Les bons achats de Marc – Décembre 2018
Les filles du vin
par Marc Chapleau
Le déclencheur, ça a été l’autre jour, lors d’une dégustation de grands bourgognes à laquelle assistaient aussi mon confrère Aubry ainsi, notamment, que deux ou trois filles du vin, des consoeurs chroniqueuses qui, ce matin-là, ont talonné le vigneron invité.
Pointues, leurs questions, dignes d’un concours de sommellerie. À propos de premox, entre autres, cette oxydation prématurée aujourd’hui pratiquement disparue mais qui a tant entaché les grands bourgognes blancs.

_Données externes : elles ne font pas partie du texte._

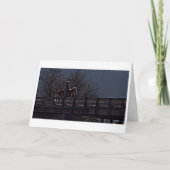 UW SPECIALE DAG MAN OP PAARD-VERJAARDAG KAART (Voorkant)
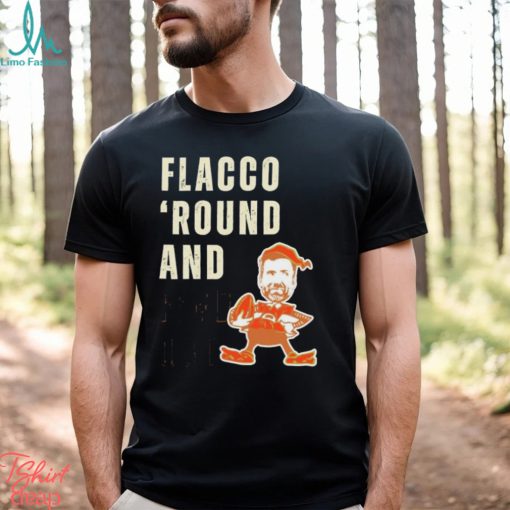Flacco Round And Find Out Brownie The Elf Shirt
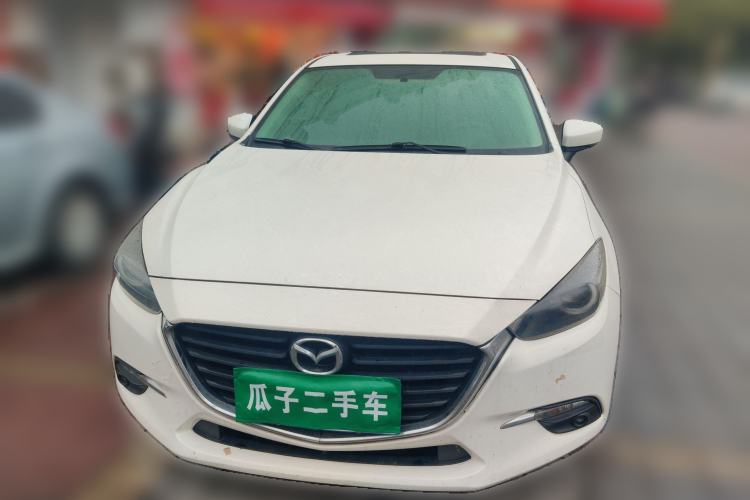 Used Mazda 3 Axela 2019 Cloud-Controlled Sedan 1.5L Automatic Luxury Model China VI Standard Front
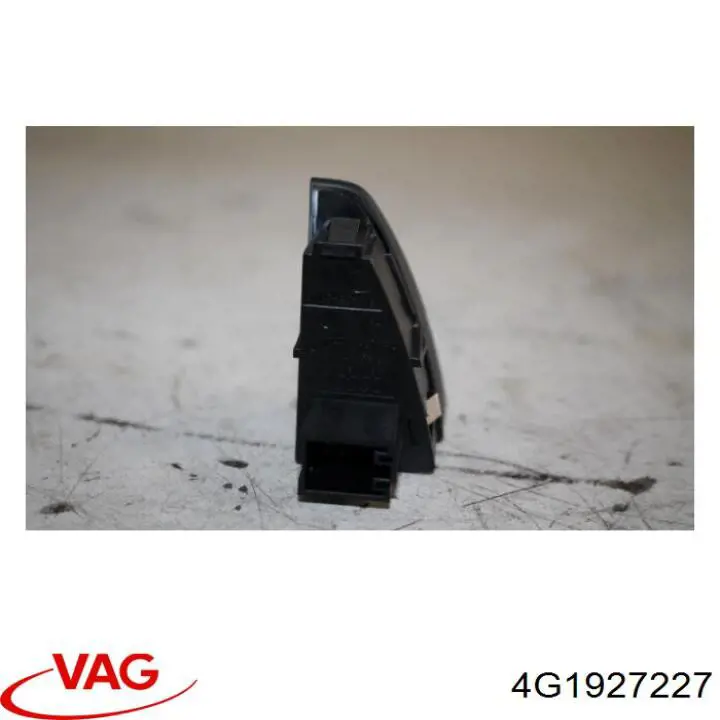 4G1927227 VAG Botón de reinicio del cuentakilómetros parcial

Le producteur n’esquivait pas, il avait même l’air de s’amuser, les consoeurs le challengeaient solide, pas question de lâcher leur os, elles ont de la suite dans les idées et dieu sait qu’elles ne parlent pas à travers leur chapeau, elles l’ont potassé, leur sujet, ce qui fait que allez mec, réponds, crache le morceau.
Aubry et moi nous sommes regardés, à un moment donné. Éblouis par cette joute oratoire, et amusés nous aussi.
Bon, ok, je ne sais pas vraiment pour lui, on n’en a pas reparlé, mais perso, je me suis senti à ce moment précis tellement loin, tellement non pas au-dessus, mais à côté de tout ça…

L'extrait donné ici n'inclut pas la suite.